What is expected: Beginning at the line that contains "Our Key Stage", reproduce the entries below exactly, ending with the line that contains "What is up everybody?". Omit each picture.

Records contained in a dataset:

____

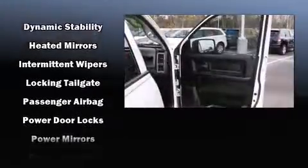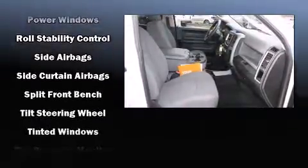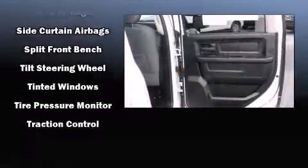Brake Assist technology provides extra pressure when applying the brakes. This vehicle has achieved certified pre-owned status by passing a comprehensive certification process.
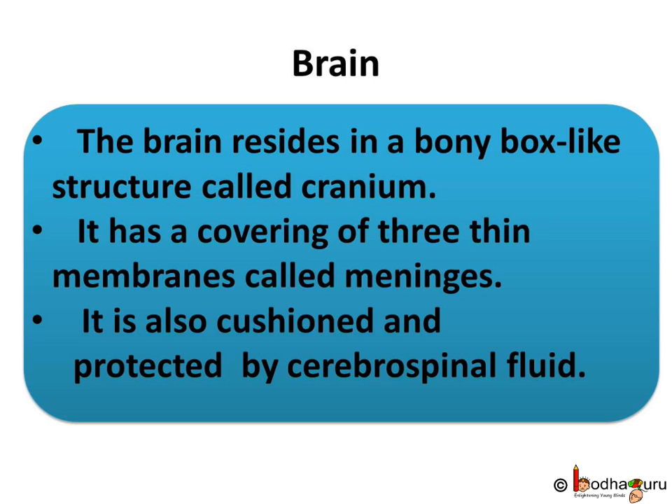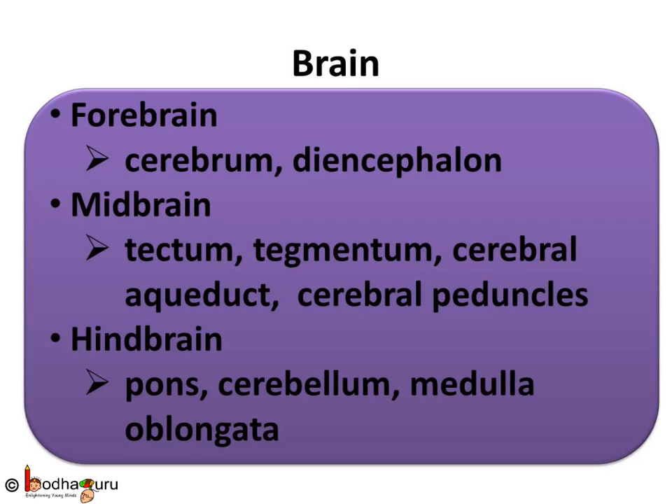To sum up what we learnt today: the brain resides in a bony box-like structure called cranium. It has a covering of three thin membranes called meninges, and is cushioned and protected by cerebrospinal fluid. The brain can be divided into three parts — forebrain, midbrain and hindbrain. Cerebrum and diencephalon are located in the forebrain. Tectum, tegmentum, cerebral aqueduct and cerebral peduncles are located in the midbrain. And pons, cerebellum and medulla oblongata are present in the hindbrain.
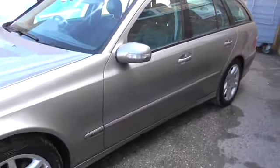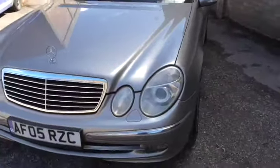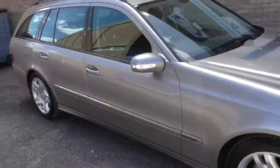It's got 15 service stamps — I think eight or nine of them we've done. Two keys, keyless go, drives with no warning lights on, and it's a seven seat car.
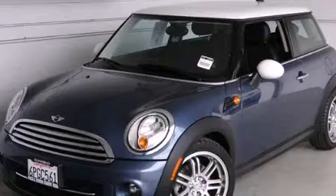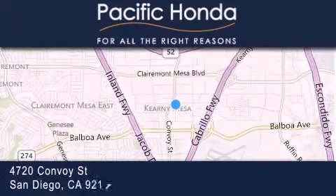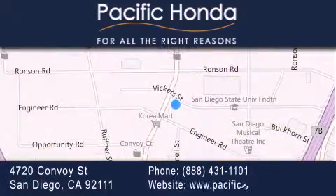Stop by today and test drive this vehicle for yourself. Pacific Honda is located at 4720 Convoy Street in San Diego. Our goal is to exceed all of your expectations to ensure that you'll return for future visits.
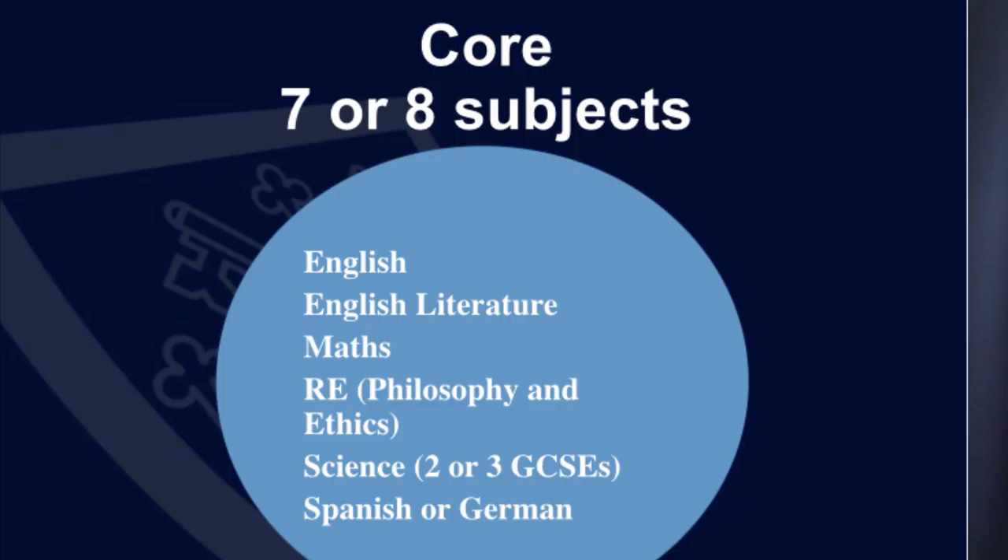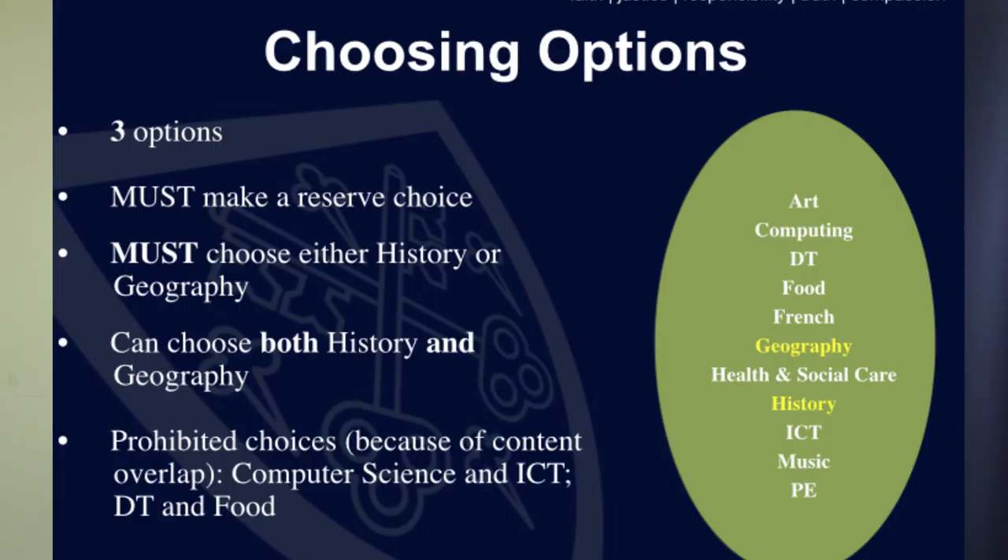Our Key Stage 4 curriculum is structured in three parts. We have the core of the curriculum, which all students follow, an options section, and then wider studies, which wrap around those two elements. In the core of the curriculum are seven or eight GCSE subjects — the number changes depending on whether a student does double or triple science. In addition, students follow three GCSE options which they choose.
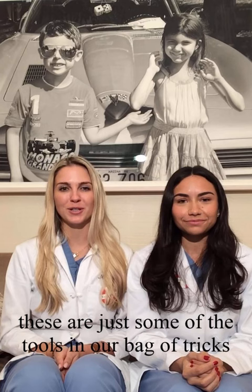These are just some of the tools in our bag of tricks to enhance facelift results. They can also be used separately. Talk to your surgeon to see if any of these are right for you.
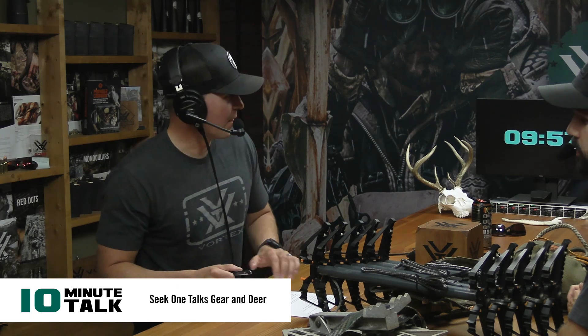What is up everybody? Mark on the mic here. We have Lee and Drew from Seek1 here, paying us a visit. We are really enjoying our time together. If you're not familiar with these guys, they are from Seek1 — these guys are absolutely crushing YouTube. And part of their crushing YouTube strategy is they're crushing huge bucks on the regular.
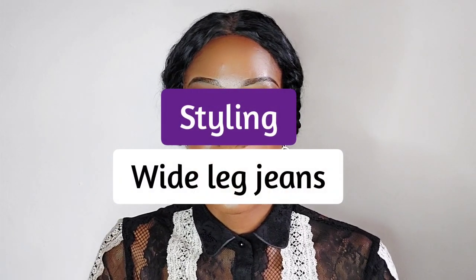Hi guys, welcome back to my YouTube channel. My name is Nalinga and today we are going to be styling wide leg jeans. I got them off the Boohoo website and because I'm tall, they're from the Boohoo tall section. They're not really good for formal occasions but they are very good for casual occasions, and I'm just going to show you how I style them for various places.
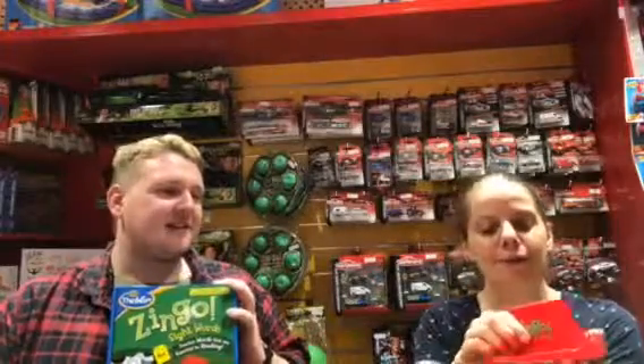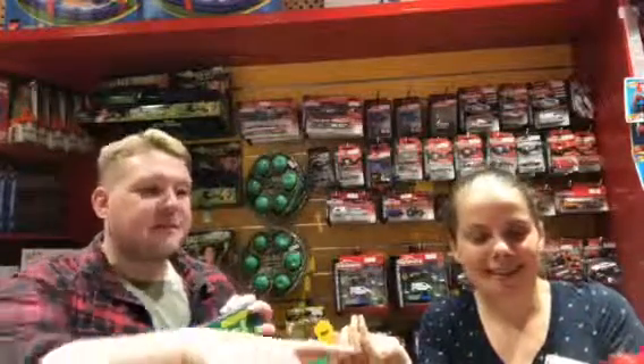Everyone learns sight words at school — that's how you learn all the important words. With Zingo, you go like this — and that's the best part — and then when you match these words to your bingo card, you're the first person to win. I love this bit because the interactive nature of it is what really engages the children.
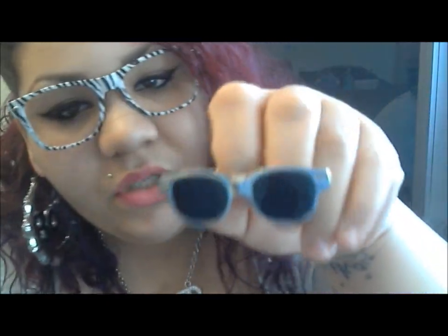One more thing — I also have this cute little sunglasses ring that comes in several different colors.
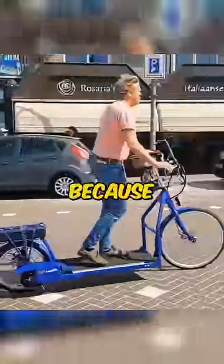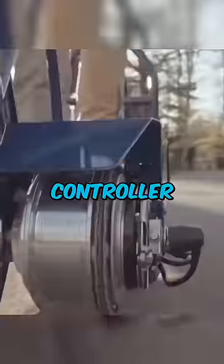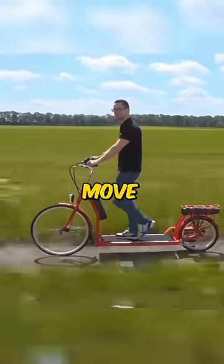Netherlands have made this bicycle which you can use for walking too, because it has a treadmill in it whose gear and speed you can set with a controller. It has a motor on its back which pushes the bicycle forward when you walk, and this bicycle can move at a speed of 20 miles per hour.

____

Response below:
Our Key Stage 4 curriculum is structured in three parts. We have the core of the curriculum, which all students follow, an options section, and then wider studies, which wrap around those two elements. In the core of the curriculum are seven or eight GCSE subjects — the number changes depending on whether a student does double or triple science. In addition, students follow three GCSE options which they choose.
These are just some of the tools in our bag of tricks to enhance facelift results. They can also be used separately. Talk to your surgeon to see if any of these are right for you.
What is up everybody? Mark on the mic here. We have Lee and Drew from Seek1 here, paying us a visit. We are really enjoying our time together. If you're not familiar with these guys, they are from Seek1 — these guys are absolutely crushing YouTube. And part of their crushing YouTube strategy is they're crushing huge bucks on the regular.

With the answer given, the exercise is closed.